▶ **TASK**
Give the number of lines in the data below that contain "Length", with no other words.

(Saved entries)
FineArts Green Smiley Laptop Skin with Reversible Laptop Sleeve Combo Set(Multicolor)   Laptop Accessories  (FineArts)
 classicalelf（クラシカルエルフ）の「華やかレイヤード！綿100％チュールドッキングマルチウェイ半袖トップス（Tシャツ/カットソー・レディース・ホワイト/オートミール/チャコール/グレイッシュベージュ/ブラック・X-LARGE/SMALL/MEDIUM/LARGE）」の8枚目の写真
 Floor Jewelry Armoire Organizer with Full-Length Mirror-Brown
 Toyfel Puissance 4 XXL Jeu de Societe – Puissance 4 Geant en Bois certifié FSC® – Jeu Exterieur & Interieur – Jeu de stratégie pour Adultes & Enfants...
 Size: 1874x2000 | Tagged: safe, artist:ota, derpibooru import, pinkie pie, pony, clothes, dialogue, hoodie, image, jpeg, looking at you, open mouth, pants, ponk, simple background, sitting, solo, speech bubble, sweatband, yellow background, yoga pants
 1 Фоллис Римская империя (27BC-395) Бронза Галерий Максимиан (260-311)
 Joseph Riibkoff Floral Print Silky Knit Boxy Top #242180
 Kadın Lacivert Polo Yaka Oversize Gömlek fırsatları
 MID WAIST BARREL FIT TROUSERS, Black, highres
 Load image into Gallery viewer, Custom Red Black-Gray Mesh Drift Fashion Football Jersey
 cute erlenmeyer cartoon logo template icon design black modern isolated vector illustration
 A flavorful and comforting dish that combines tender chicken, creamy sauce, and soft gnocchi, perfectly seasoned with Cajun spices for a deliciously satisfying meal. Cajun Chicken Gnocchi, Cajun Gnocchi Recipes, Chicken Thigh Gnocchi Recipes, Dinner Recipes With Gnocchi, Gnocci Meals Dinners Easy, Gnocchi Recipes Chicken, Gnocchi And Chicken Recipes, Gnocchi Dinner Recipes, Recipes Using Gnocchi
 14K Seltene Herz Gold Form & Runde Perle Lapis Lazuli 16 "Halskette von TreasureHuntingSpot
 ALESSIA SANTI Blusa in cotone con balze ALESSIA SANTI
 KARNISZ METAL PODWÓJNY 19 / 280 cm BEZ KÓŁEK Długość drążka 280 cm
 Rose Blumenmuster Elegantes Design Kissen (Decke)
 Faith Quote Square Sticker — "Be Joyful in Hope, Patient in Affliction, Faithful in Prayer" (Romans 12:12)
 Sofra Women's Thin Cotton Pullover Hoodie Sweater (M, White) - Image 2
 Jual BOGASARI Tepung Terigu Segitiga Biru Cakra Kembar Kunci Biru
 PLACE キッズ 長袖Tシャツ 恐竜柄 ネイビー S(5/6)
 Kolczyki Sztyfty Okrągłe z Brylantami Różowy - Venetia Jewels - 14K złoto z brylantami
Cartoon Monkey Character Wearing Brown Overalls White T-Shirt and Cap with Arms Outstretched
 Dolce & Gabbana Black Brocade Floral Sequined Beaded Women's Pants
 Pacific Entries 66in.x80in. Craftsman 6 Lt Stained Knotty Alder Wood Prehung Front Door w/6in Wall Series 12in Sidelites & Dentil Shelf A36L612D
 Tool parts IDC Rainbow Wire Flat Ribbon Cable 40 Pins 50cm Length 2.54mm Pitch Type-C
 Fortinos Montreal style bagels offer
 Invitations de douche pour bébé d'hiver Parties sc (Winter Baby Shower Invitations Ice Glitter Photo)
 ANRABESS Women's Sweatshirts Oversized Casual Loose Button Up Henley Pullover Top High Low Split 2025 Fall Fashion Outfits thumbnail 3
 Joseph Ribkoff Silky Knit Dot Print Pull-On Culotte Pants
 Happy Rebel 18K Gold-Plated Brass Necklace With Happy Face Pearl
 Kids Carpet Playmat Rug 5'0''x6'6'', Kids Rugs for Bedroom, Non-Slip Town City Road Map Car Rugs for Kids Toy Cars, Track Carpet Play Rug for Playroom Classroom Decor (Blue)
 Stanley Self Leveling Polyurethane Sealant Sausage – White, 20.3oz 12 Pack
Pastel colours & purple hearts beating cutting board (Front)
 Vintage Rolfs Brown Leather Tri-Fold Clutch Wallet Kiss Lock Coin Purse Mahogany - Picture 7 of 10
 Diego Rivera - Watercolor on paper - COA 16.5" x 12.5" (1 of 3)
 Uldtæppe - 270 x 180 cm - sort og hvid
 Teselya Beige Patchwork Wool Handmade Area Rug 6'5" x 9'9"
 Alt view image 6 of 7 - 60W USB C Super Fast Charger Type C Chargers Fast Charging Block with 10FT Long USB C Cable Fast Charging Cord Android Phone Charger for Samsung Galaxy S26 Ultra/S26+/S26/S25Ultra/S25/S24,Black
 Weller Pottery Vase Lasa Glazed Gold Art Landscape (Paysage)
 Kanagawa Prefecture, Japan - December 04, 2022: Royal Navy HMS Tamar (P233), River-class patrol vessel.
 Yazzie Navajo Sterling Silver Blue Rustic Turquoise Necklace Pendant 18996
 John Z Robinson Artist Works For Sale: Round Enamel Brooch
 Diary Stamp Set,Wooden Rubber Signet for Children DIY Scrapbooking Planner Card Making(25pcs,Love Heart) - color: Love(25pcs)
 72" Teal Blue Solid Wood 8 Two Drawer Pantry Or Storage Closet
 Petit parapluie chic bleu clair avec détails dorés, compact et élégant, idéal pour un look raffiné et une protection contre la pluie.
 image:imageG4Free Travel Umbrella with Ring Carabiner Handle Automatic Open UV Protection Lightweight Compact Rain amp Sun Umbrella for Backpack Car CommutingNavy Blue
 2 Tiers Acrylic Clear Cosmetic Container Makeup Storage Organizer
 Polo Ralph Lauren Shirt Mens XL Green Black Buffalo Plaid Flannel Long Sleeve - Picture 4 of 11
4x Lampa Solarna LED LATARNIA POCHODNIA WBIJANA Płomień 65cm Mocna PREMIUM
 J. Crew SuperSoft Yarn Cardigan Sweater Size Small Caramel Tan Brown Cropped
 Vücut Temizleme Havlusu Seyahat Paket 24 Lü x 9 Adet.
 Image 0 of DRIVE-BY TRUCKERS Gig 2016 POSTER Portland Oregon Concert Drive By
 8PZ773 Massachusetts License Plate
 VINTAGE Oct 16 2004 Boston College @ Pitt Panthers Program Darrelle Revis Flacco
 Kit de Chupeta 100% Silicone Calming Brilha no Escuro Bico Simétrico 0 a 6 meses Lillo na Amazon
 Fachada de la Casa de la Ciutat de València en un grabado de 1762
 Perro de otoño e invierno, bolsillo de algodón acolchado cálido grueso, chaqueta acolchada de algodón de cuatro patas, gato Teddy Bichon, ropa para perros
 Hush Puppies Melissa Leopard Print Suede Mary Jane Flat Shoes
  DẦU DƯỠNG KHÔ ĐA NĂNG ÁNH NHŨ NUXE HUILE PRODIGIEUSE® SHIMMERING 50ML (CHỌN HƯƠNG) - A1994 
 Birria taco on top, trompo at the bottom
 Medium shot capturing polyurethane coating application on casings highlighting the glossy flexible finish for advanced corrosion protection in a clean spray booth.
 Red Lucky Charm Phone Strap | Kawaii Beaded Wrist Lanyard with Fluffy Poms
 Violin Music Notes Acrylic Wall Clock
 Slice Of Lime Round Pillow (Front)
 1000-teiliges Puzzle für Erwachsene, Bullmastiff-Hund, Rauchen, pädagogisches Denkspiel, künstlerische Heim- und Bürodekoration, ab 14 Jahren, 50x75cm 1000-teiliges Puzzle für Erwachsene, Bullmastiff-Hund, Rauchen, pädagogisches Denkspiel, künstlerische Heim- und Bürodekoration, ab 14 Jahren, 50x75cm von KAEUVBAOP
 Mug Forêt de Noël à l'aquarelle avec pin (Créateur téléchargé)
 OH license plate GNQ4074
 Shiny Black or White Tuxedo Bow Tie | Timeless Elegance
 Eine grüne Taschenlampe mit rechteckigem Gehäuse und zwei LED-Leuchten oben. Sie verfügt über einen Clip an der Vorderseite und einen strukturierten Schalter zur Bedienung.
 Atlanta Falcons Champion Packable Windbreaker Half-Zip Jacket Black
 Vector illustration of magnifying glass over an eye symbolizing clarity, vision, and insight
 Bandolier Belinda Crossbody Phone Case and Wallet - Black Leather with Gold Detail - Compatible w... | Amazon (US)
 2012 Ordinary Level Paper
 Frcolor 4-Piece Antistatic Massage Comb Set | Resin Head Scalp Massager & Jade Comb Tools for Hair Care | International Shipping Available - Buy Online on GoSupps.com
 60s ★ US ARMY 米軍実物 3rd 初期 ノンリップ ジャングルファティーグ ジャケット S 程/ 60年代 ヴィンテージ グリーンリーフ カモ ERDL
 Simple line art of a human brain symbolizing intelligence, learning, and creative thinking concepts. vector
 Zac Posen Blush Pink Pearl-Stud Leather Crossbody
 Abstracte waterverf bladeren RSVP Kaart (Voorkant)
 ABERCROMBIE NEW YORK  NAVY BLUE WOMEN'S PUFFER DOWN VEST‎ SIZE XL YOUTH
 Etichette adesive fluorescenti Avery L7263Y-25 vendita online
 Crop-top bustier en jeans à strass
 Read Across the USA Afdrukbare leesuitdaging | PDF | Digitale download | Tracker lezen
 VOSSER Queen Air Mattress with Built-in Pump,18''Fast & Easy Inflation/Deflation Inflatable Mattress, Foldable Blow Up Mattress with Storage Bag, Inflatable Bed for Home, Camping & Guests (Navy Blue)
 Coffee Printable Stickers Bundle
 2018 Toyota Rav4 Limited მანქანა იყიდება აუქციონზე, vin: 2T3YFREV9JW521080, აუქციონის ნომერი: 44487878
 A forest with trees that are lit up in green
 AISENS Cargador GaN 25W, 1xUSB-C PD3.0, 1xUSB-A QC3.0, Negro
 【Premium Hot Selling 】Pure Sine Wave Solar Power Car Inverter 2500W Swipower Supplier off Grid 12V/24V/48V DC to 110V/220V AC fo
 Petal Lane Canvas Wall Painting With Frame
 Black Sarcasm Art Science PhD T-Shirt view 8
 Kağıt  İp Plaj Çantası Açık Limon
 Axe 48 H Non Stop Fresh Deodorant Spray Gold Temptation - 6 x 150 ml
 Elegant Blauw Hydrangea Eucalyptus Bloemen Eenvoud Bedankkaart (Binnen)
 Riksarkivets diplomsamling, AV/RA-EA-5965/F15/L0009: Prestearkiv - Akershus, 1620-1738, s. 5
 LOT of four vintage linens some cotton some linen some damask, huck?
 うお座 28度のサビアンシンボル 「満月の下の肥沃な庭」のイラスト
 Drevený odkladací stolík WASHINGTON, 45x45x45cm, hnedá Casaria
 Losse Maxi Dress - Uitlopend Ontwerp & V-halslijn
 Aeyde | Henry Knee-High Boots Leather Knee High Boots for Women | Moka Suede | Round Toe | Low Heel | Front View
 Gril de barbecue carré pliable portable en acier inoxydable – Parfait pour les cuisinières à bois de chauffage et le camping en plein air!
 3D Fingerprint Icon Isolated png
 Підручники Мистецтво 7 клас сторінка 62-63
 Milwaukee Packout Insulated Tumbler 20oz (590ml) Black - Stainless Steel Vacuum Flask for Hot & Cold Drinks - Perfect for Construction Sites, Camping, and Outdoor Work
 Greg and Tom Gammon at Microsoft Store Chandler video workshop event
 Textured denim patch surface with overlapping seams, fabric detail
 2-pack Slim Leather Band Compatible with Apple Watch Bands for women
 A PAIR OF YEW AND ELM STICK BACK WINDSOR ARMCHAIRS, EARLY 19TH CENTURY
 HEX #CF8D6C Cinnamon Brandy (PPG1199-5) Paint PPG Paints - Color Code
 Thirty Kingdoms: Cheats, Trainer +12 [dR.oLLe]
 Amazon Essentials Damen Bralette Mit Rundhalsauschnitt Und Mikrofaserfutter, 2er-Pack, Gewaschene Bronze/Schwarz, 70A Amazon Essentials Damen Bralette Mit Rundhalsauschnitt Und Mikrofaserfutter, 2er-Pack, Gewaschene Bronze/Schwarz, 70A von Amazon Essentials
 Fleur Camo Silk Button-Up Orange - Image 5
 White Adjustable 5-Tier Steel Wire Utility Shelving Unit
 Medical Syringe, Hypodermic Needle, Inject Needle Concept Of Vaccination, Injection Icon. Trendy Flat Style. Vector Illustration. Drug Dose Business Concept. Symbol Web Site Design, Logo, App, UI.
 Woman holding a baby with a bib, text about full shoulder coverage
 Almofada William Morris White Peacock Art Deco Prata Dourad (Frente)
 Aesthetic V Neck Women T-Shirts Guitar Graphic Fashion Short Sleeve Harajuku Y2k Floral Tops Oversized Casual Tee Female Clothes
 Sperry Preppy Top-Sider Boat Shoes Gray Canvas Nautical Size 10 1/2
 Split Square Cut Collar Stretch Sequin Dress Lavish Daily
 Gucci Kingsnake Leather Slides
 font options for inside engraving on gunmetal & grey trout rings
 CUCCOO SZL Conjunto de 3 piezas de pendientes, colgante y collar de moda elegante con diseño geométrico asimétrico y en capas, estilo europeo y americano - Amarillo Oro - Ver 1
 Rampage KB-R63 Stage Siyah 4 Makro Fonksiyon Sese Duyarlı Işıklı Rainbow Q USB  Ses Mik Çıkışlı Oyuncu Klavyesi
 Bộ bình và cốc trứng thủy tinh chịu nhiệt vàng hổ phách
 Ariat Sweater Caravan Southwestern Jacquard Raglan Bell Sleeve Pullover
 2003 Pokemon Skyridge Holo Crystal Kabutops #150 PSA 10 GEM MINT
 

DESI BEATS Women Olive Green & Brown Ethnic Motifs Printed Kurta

▶ **REPLY**
2